Would you elaborate a bit on APNIC's data having less bias than Google? As far as I know, Google is quite popular worldwide, with the exception of China, so measurements taken on Google servers should give decent accuracy for every country.
Do you know how APNIC get their data? I'm happy to switch over to it if it's more representative and accurate.
From what I've gleaned, the use of Google ads catches the use case of people who don't actively use Google -- based on the delta in metrics between Google's stats and APNIC's, I would suspect that Google isn't quite as popular globally as you think it is (but their ad platform is!).
The other problem is that such issues are difficult to report in the first place as private customer because customer support is geared towards dealing with user errors or last mile problems.
I sent an email to the contact listed in the whois database but didn't get any reply.
With IPv4 my ISP has to shuffle IPs with every reconnect. With IPv6 you could get one IP for lifetime?
While ISP that hand out a static IPv4 can exist, it's much more unlikely, whereas with IPv6 it will become the norm.
no. If an ISP assigns you a dynamic prefix and the various machines in your network use any one of the various privacy features like temporary addresses then the only additional information you leak is some information about how many devices are in your LAN, but as the devices make up additional addresses, it's very fuzzy.
> With IPv4 my ISP has to shuffle IPs with every reconnect. With IPv6 you could get one IP for lifetime?
Your ISP can hand out a new prefix whenever you connect, or even while you are connected. Most of them do this by default.
>While ISP that hand out a static IPv4 can exist, it's much more unlikely, whereas with IPv6 it will become the norm.
it doesn't look like it - at least here in Switzerland, all providers that do provide v6 addresses hand out dynamic prefixes by default and most don't even offer the option of getting a static prefix.
oppressive regimes will assign people static IPv6 prefixes tied with their legal identities.
a) IP pool logging, requires a known IP address and time.
b) NAT logging, requires a known IP address, outgoing port number, and time.
It means the cost of tracking users is moderate to ISPs and authorities, also, for a random observer without access to internal records, a IPv4 user is effectively pseudonymous to the city-level until enough information is revealed.

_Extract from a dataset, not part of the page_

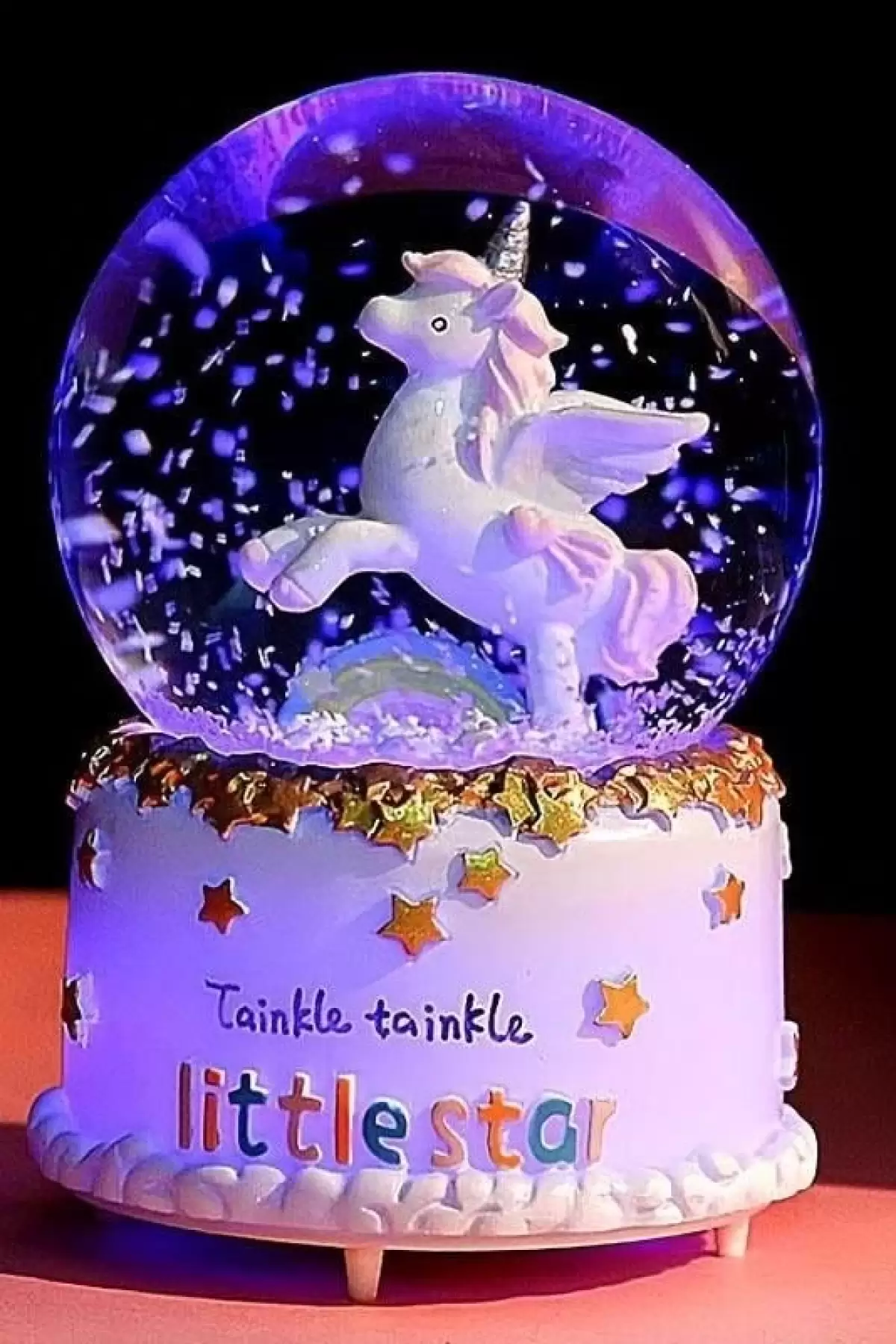 Beyaz Renk Unicorn Figürlü Müzikli Ve Işıklı Kar Küresi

But if the oppressive regimes really assign assign people static IPv6 prefixes tied with their legal identities intentionally, without any type of privacy extension, it would mean after I use my network connection for a while...
__everyone on the Internet, not just ISPs, can track my activity, possibility tied with my legal identity.__
I'm well aware of the existence of mass surveillance on IPv4, and I'm not advocating IPv4 for a false sense of security, I'm all for IPv6. But this is a true issue for consideration. Using a VPN, or Tor for day-to-day web browsing is the only practical solution to this problem I can think of...
On the other hand, IPv6 will bring end-to-end communications back to the Internet and revive P2P. To that day, perhaps a P2P-based, full mesh, optionally anonymous network will become practical. To this extent, IPv6 does more good than harm.
With my provider green.ch it is not possible to get a static IPv6.
source: I'm fiber7 customer since 2014 and they offered me to do the delegation when I asked them for the static prefix.
The static prefix is nice and they will also basically give you static IPv4 even without paying.
Some devices like cable modems rarely 'reconnect'. As long as your router and cable modem stay powered you can keep your IP for months.
Allocation of IPv4 address by your ISP is not a secure process; if your privacy depends on it your privacy is already compromised. And address allocation policy is independent of which protocol you're using anyway.
The forward DNS still exists, and is useful (I have a CNAME pointing to it), but the reverse DNS was probably just a convenient but privacy-leaking configuration that was noticed while preparing for GDPR.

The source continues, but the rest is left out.